Evans also pressed the big railway companies to accommodate Hot Springs. The Fremont, Elkhorn & Missouri Valley Railroad, commonly known as the Elkhorn, had serviced Buffalo Gap, just 14 miles away, since 1885. On September 16, 1890, the Elkhorn reached Hot Springs. On Evans’ prompting, the company had extended the line—and built a spur to his sandstone quarry along the way. He encouraged the Burlington & Missouri River Railroad to build into Hot Springs from the west, and its first train arrived on July 5, 1891. Two railroads, warm and inviting water, sandstone quarries and an influx of skilled stonecutters soon transformed Hot Springs into a tourist mecca. The two railway companies cooperated in building the nation’s smallest Union Depot, made of course out of sandstone.
Evans capitalized further on the warm waters when he developed the Evans Plunge, marking its grand opening on May 22, 1891, by inviting everyone for a free swim. The 70-by-200-foot pool was built atop several warm water springs that bubbled up through its graveled bottom, as it still does 123 years later.

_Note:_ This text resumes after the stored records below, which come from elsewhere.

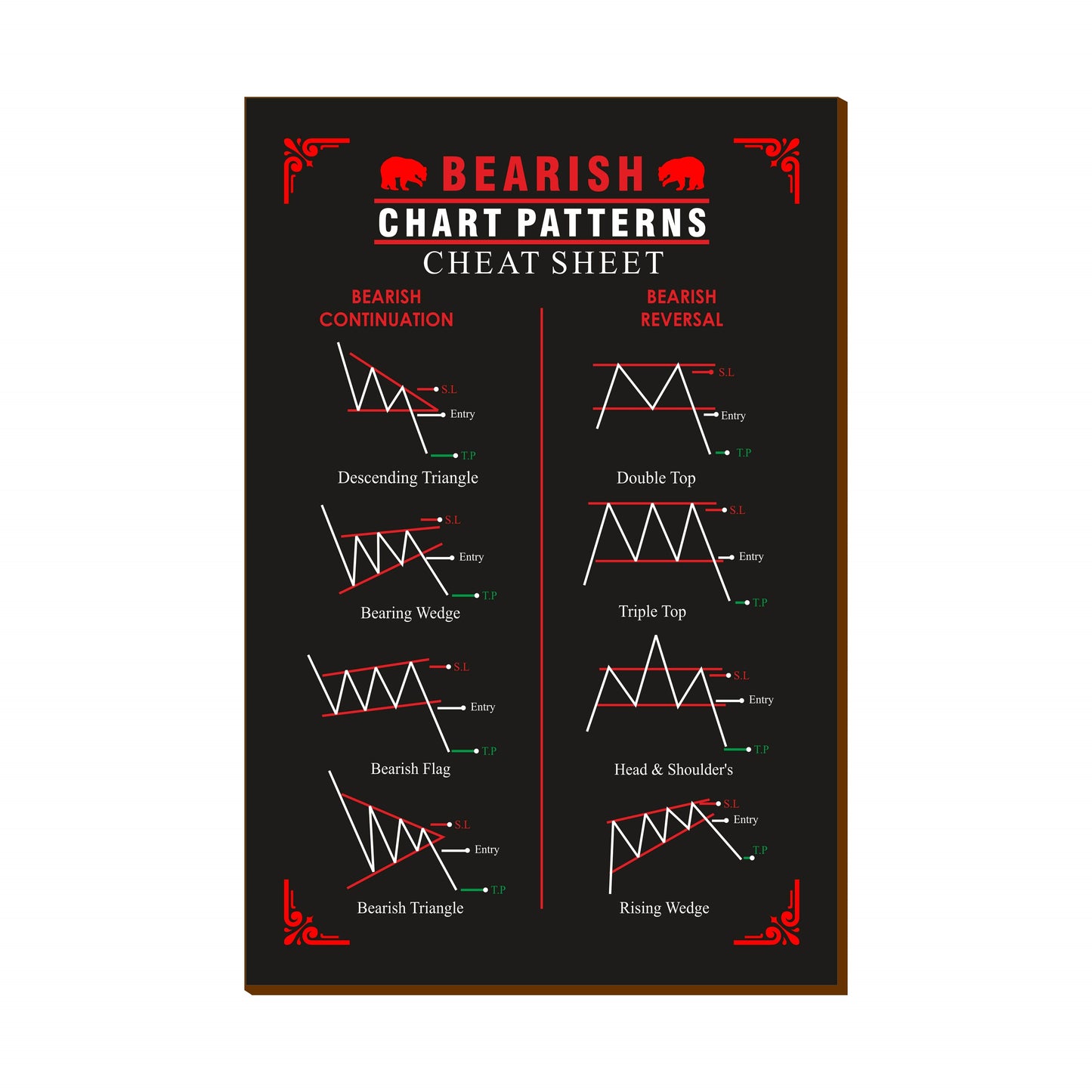 Stock Market Chart Patterns Posters with Wooden Base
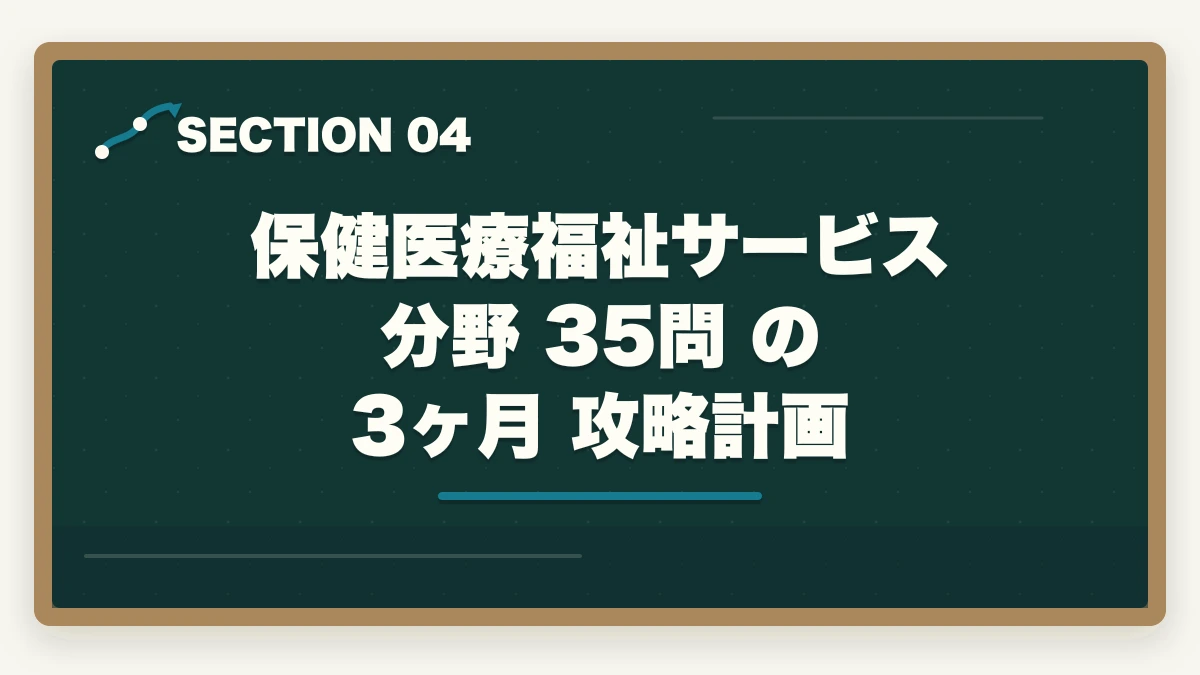 保健医療福祉サービス分野 35問 の 3ヶ月 攻略計画｜ケアマネ保健医療福祉サービス分野35問の頻出論点と24問取る戦略の図解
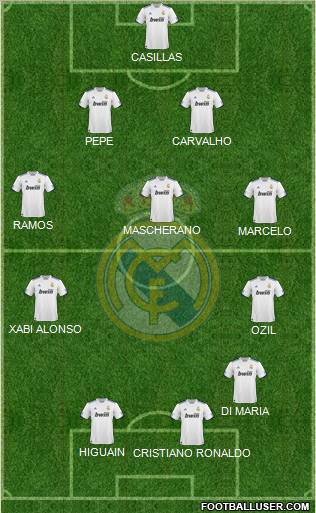 Real Madrid C.F. Formation 2011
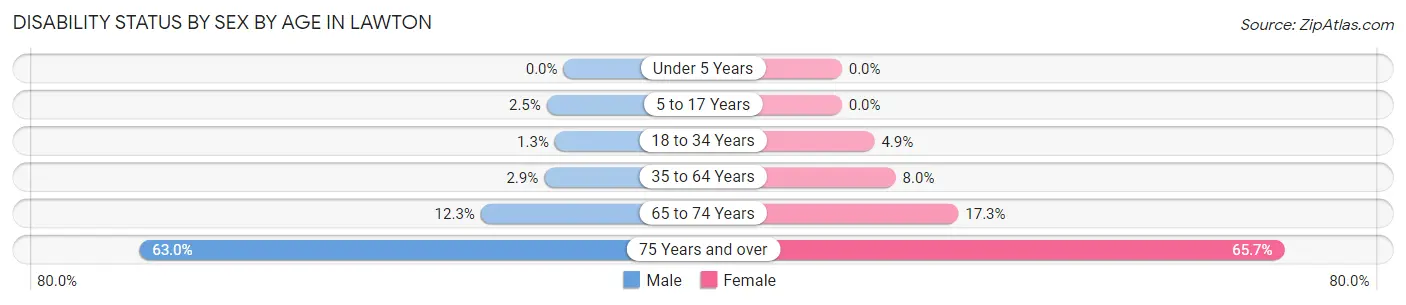 Disability Status by Sex by Age in Lawton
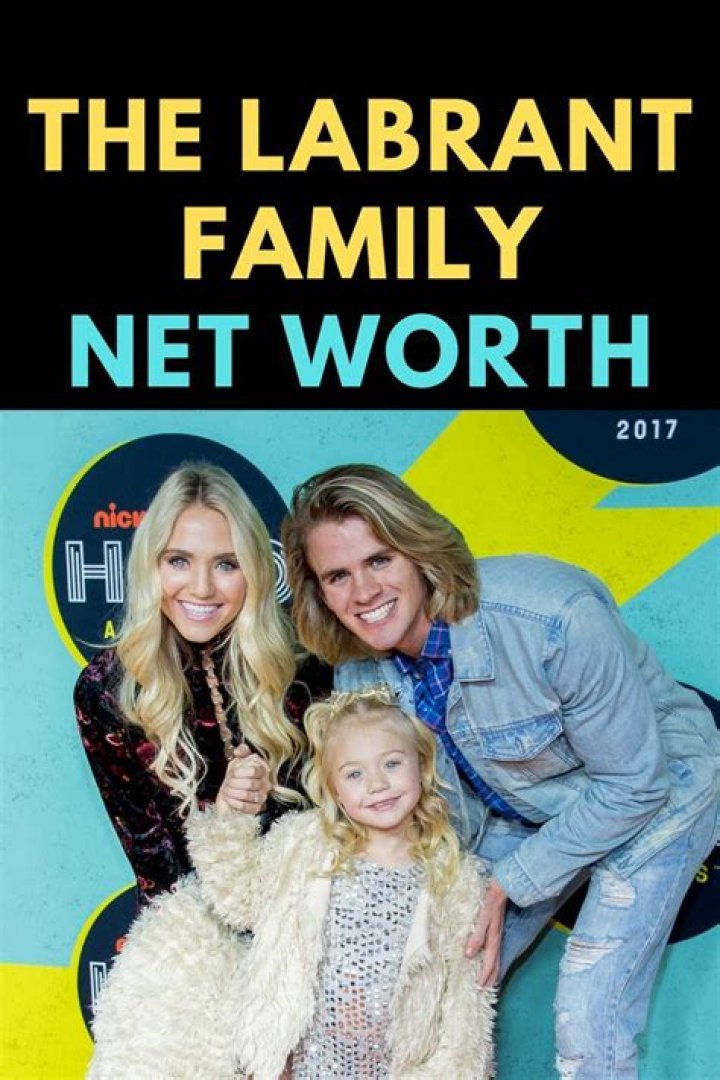 The Labrant Family: Unveiling Names And Ages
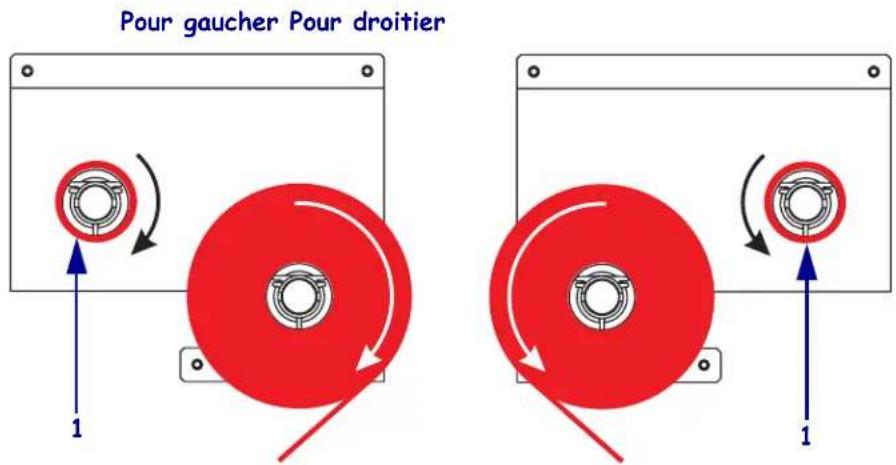 ZEBRA 170PAX4 - Pour charger le ruban,procédez comme suit : - 6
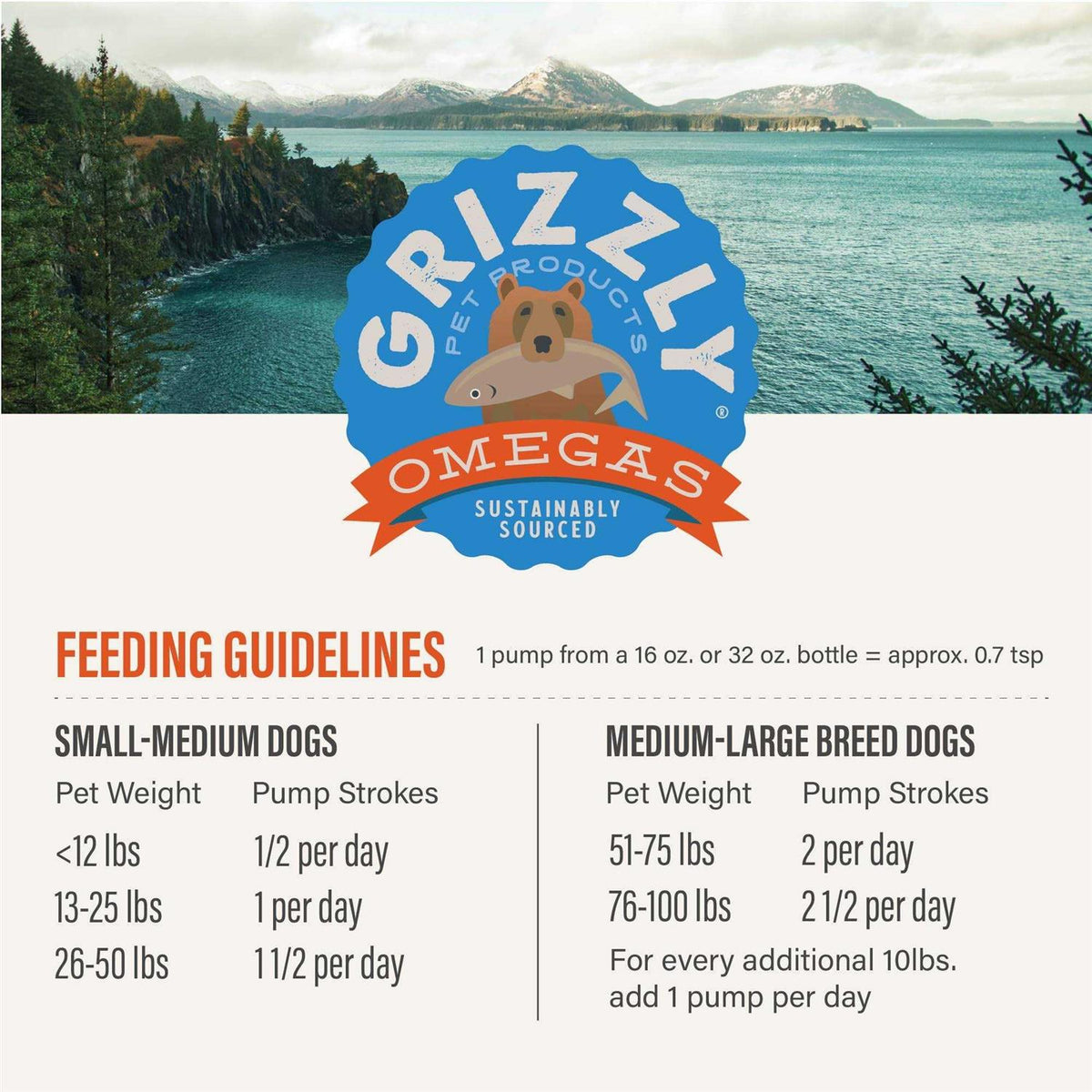 Salmon Oil Dog Supplement S329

The Minnekahta burned to the ground in October 1891. Undaunted, its owner built on the same spot, five city blocks south of the Evans Plunge. On August 5, 1892, Big Fred opened his new sandstone hotel but soon changed its name from the Minnekahta to the Evans. The hotel sat across the street from the Union Depot, and when trains arrived bearing potential guests, the staff unfurled a red carpet from the hotel to the station. Considered the finest lodging between Chicago and Denver, it drew socialites as well as business visitors and conventioneers.
On many of the big civic projects Evans personally matched city funds dollar for dollar. He was president of Minnekahta State Bank in 1892 and even served a term as mayor. He provided sole support for the city band and baseball team and donated land to accommodate the construction of every church built during his years in Hot Springs.
By the turn of the century Evans’ health was in decline, and on October 11, 1902, he died in Hot Springs. His legacy lives on in town with Evans Heights, Evanston Street, the Evans Plunge [www.evans plunge.com] and the Evans Hotel, which now serves as low-income housing for seniors and is simply called The Evans. A captivating Victorian home he built for his family in 1892 on a hill overlooking the Evans Plunge has been renovated several times. Some three-dozen Richardson Romanesque buildings made of sandstone from area quarries remain in use in Hot Springs, a testament to the long-ago patrons who made the valley into a world-renowned spa resort.